Gökyüzünde özgürce uçan bir kuş ve o gökyüzüne ateş eden bir savaşçının hikayesi.
Leyla özgür bir kuş, Ercüment vatanı için dağlara, taşlara gerekirse gökyüzüne ateş edecek bir savaşçcı.
Özgür kuşlar bir kafese hapsolur mu? Savaşçılar silahlarını...
Ay merhabalar. Bu bölüm çok değişik oldu bilmiyorum niye. Hiç emin değilim ama umarım hoşunuza gider❤️
İyi Okumalar Dilerim♡
Oops! Bu görüntü içerik kurallarımıza uymuyor. Yayımlamaya devam etmek için görüntüyü kaldırmayı ya da başka bir görüntü yüklemeyi deneyin.
"Asude bu çok mu abartı oldu ya?" Dedim aynadan kendime bakarken.

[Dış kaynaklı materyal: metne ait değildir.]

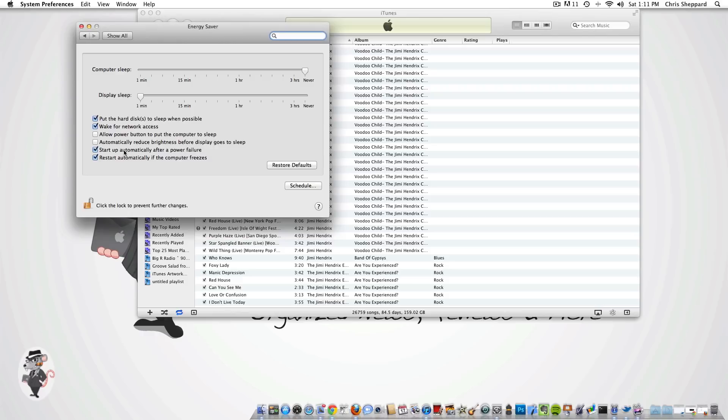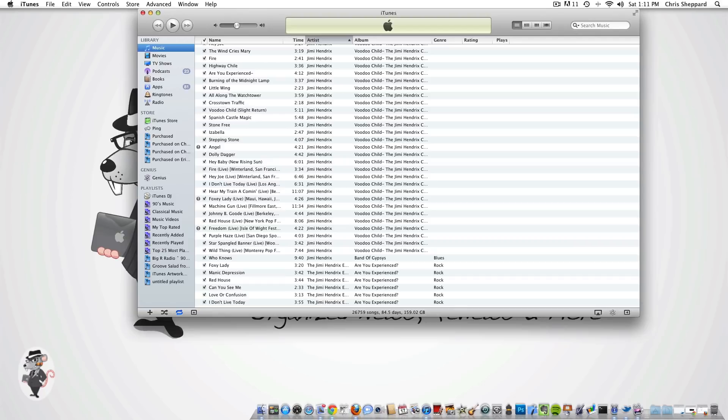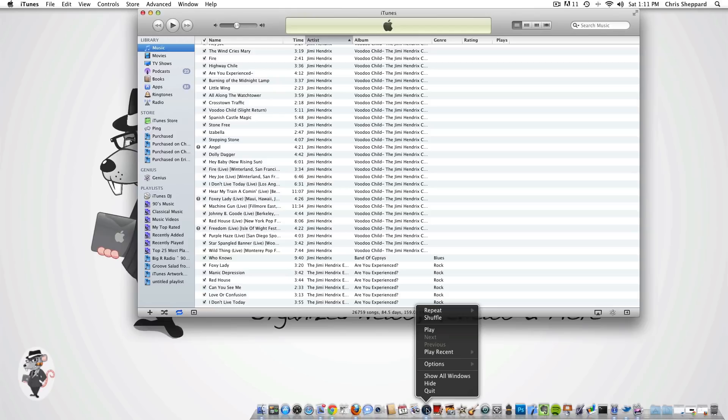Make sure your Energy Saver settings match what we've set up, then close out of that. It's a good idea to have iTunes open at login — if you're on vacation and your machine needs to restart, it will automatically relaunch iTunes. The simple way to do that is to right-click your iTunes icon in the dock, go to Options, and make sure you have a check mark next to 'Open at Login'.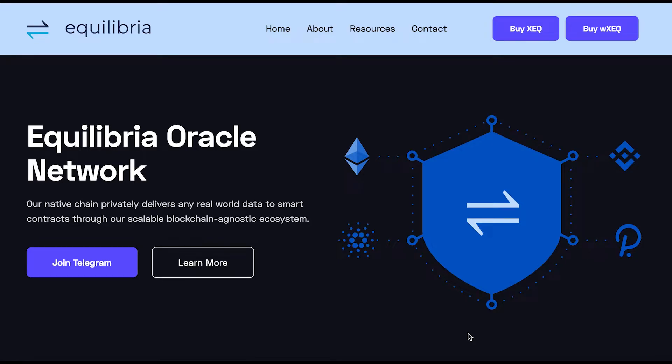Hello everyone, today I'm going to show you how to download, set up, and use an Equilibria wallet.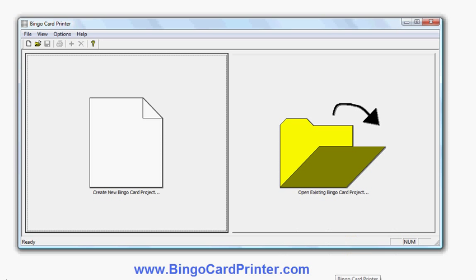This is a video to show you how to make 7x7 Bingo Cards using software called Bingo Card Printer, which you can download from bingocardprinter.com. The software is compatible with all recent versions of Windows on the PC — that's the desktop or the laptop. So let's get started.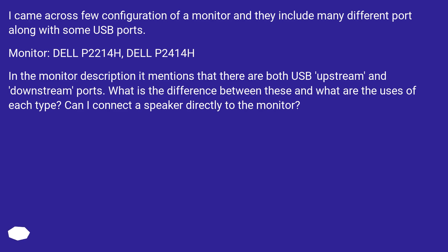What is the difference between these and what are the uses of each type? Can I connect a speaker directly to the monitor?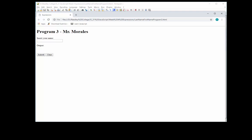How's it going everyone? This is Mr. Morales. Today we're going to look at adding two numbers in JavaScript. As you can see in my user interface, I only have one text box. I need to include two text boxes. And when you click on the submit button, the two numbers will add up. Let's take a look at how to do that.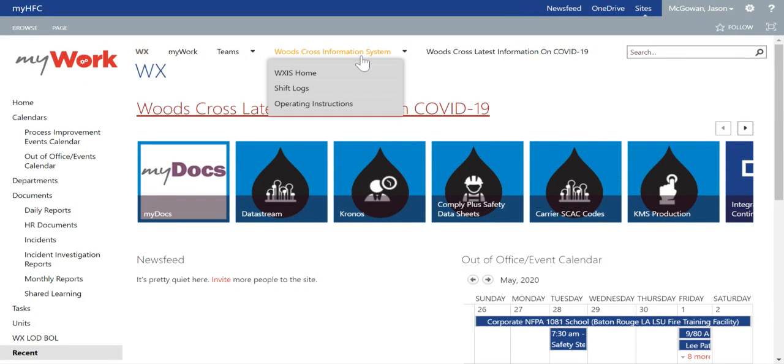The Woods Cross Information System will be near the top of the page, which gives you three options: the homepage, shift logs, or operating instructions.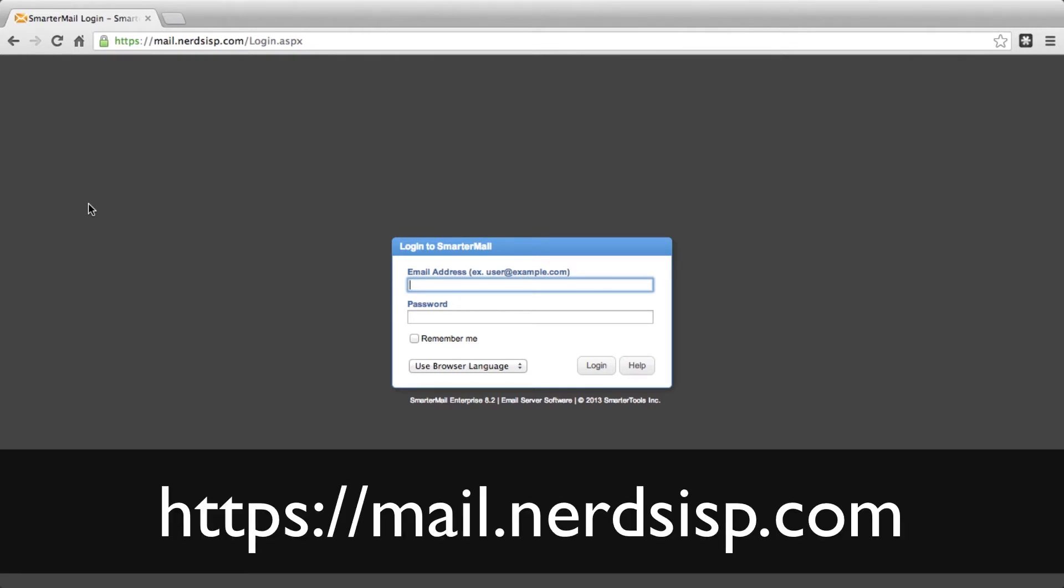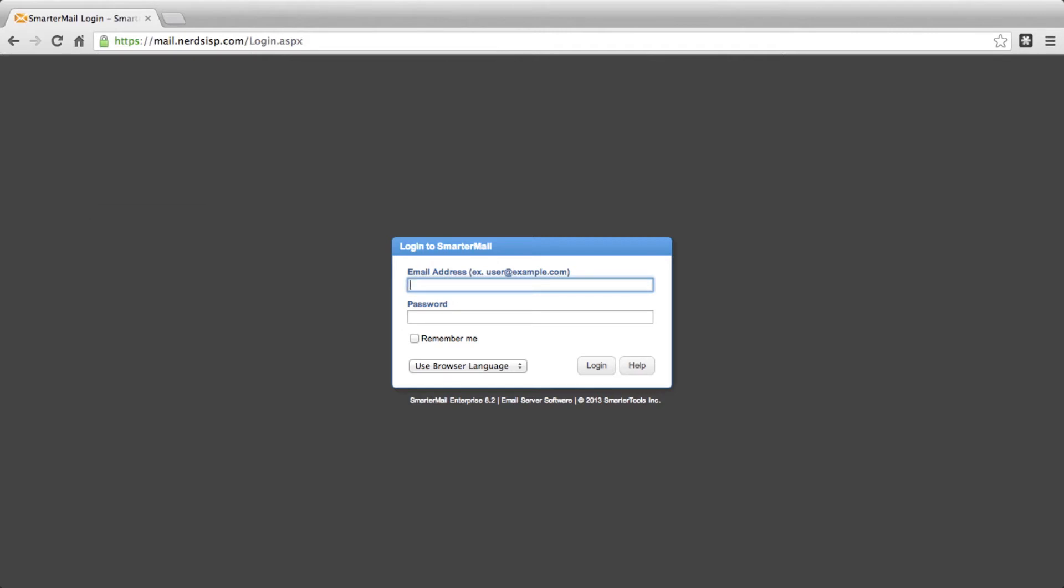To find out, simply log into your webmail account, which you can find at mail.nerdsisp.com. Remember for your username, it's your entire email address, for example, user at example.com.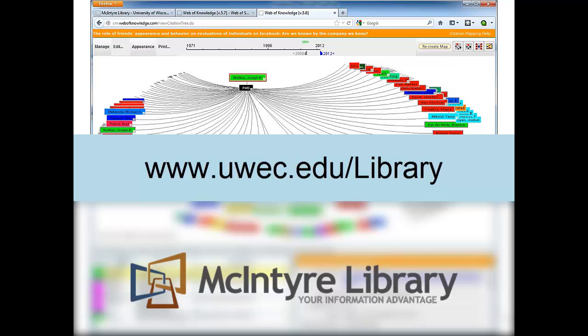Using Web of Science to create a citation map can be a helpful way of visualizing the scholarly conversation about a specific topic. Contact McIntyre Library with questions about citation maps, Web of Science, or any aspect of the research process.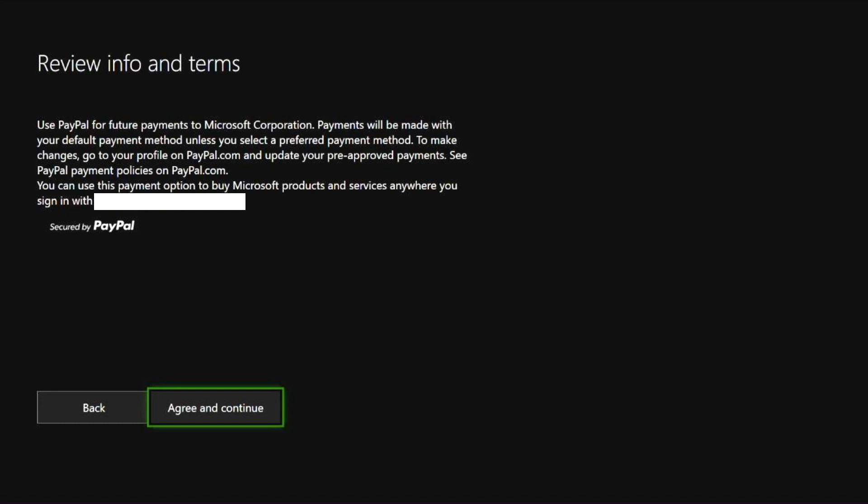This says use PayPal for future payments to Microsoft Corporation. Payments will be made with your default payment method unless you select a preferred payment method. To make changes, go to your profile on PayPal.com and update your pre-approved payments. See PayPal payment policies on PayPal.com. You can use this payment option to buy Microsoft products and services anywhere you sign in with the email account associated to the Xbox account that you have connected to your PayPal.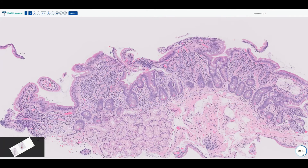Celiac disease — do not write it on your top line. That is something made clinically. All we can tell them is that we see intraepithelial lymphocytes, we see villus blunting, and we see increased lymphoplasmacytic lamina propria inflammation. All three together is very supportive of celiac disease.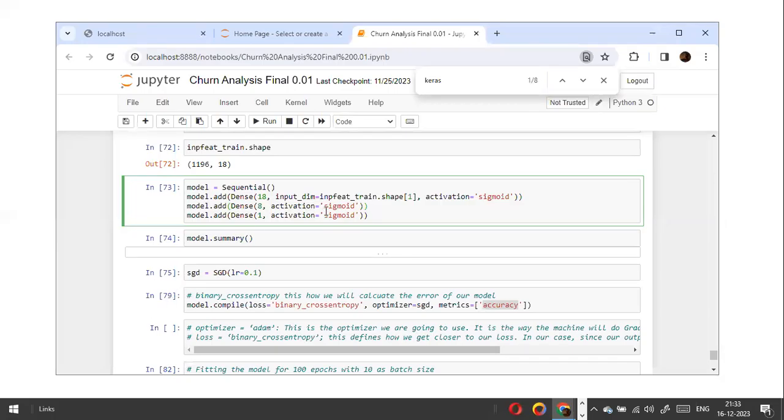Now we will take a look at the activation function. When she asked about the reason for using the sigmoid function, is that the only activation function used? So what are the activation functions that we can use? How many of you watched my previous batch videos? How many activation functions?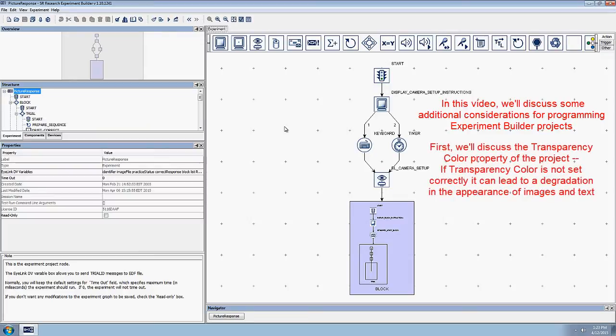First, we'll discuss how to set the transparency color property, which can lead to image and text degradation if not properly set.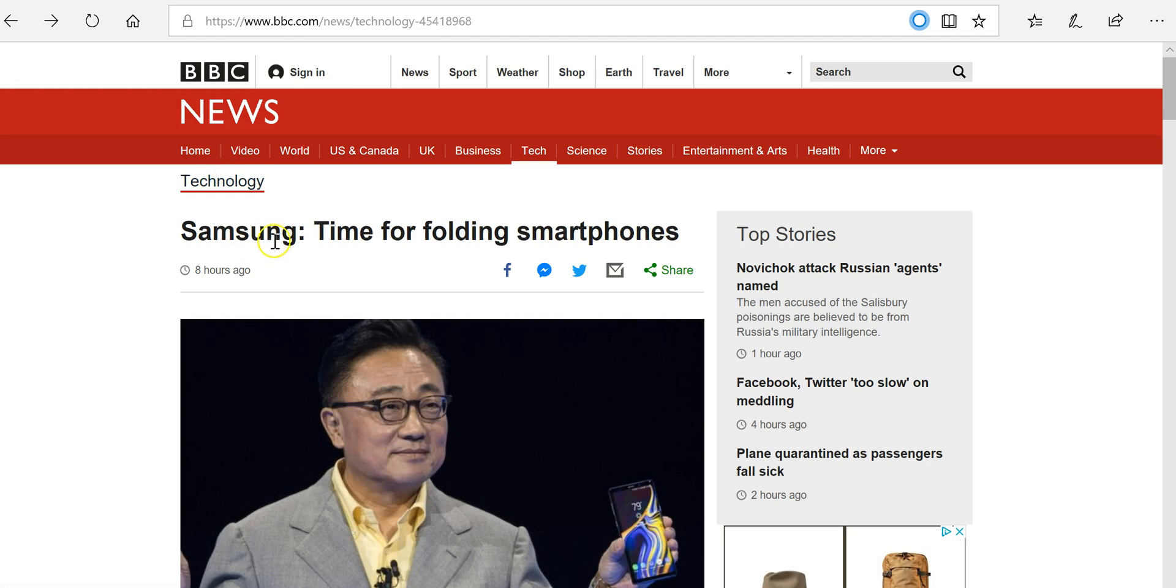I'm here on this article about Samsung wanting to build folding smartphones. Maybe my students are going to read this for our current events discussion.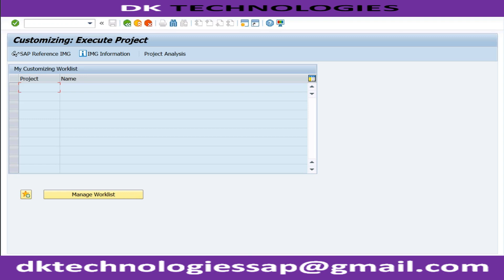If there is a small problem in the TV, normally you call the technician. He will come with the tools and do whatever changes are required. If the tools are given to you and you open the TV on your own and do the changes, the company will clearly tell you it is now your responsibility to maintain the TV because you already touched things which are not supposed to be touched - there is no more warranty from us.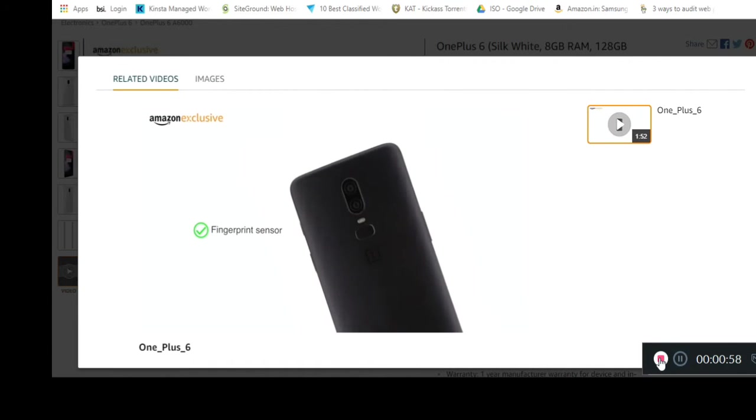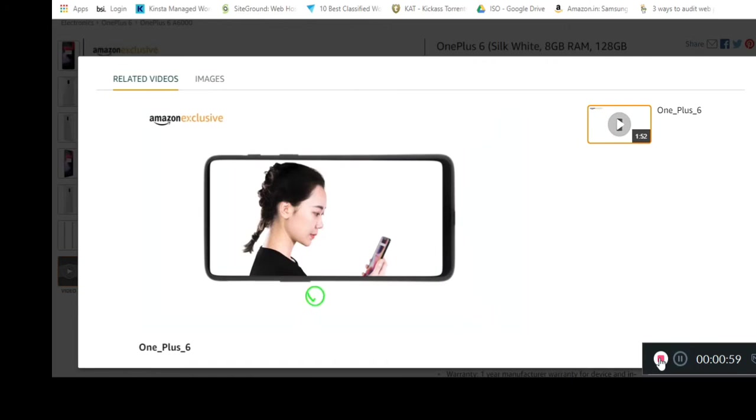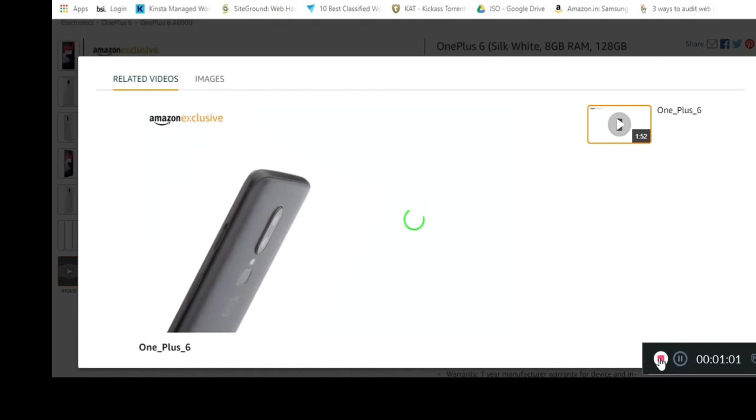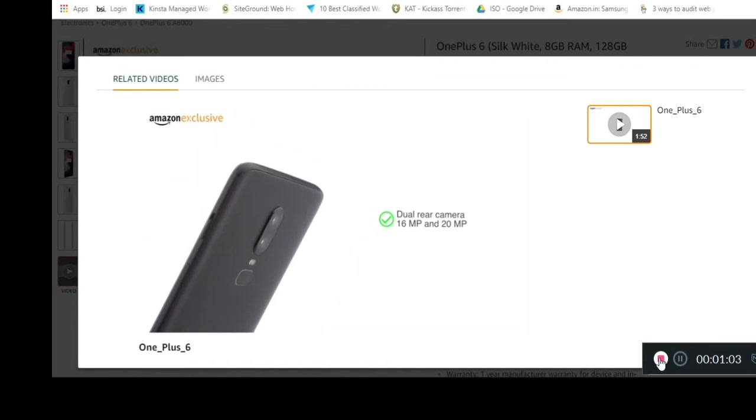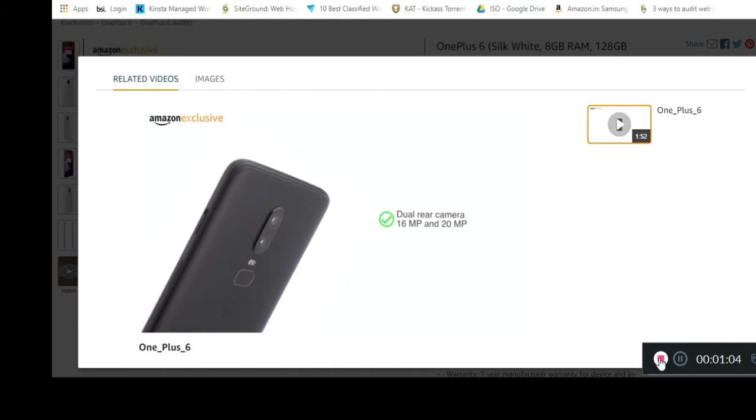You can access the phone using this or the quick face unlock feature. The dual rear cameras of 16 megapixel and 20 megapixel get a new vertical setup in this phone.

"Hayır Leyla abla çok güzel." Dedi Asude bana bakarak.
"Ay teşekkür ederim kız."
"Rica ederim." Dedi gülerek.
Birazdan Selin'in nişanına gidecektik ve bu yüzden hazırlanıyordum. Yanımda elbise getirmediğim için Bingöl'e gitmeden önce burada bıraktıklarımdan bir tane giymiştim. Ama o da gözüme biraz abartı gelmişti. Fakat artık yapacak bir şey yoktu bu elimde ki tek seçenekti.
"Sizde kusura bakmayın ya böyle yalnız bırakıp gideceğiz." Dedim yatağa otururken.
"Ne kusuru saçmalama."
"Leyla hadi!" Diye seslendi annem dışarıdan. Odadan çıkıp diğerlerinin yanına geldim. Ayakkabılıktan sabah Sedeften istediğim siyah stiletto ayakkabıları çıkartıp giydim.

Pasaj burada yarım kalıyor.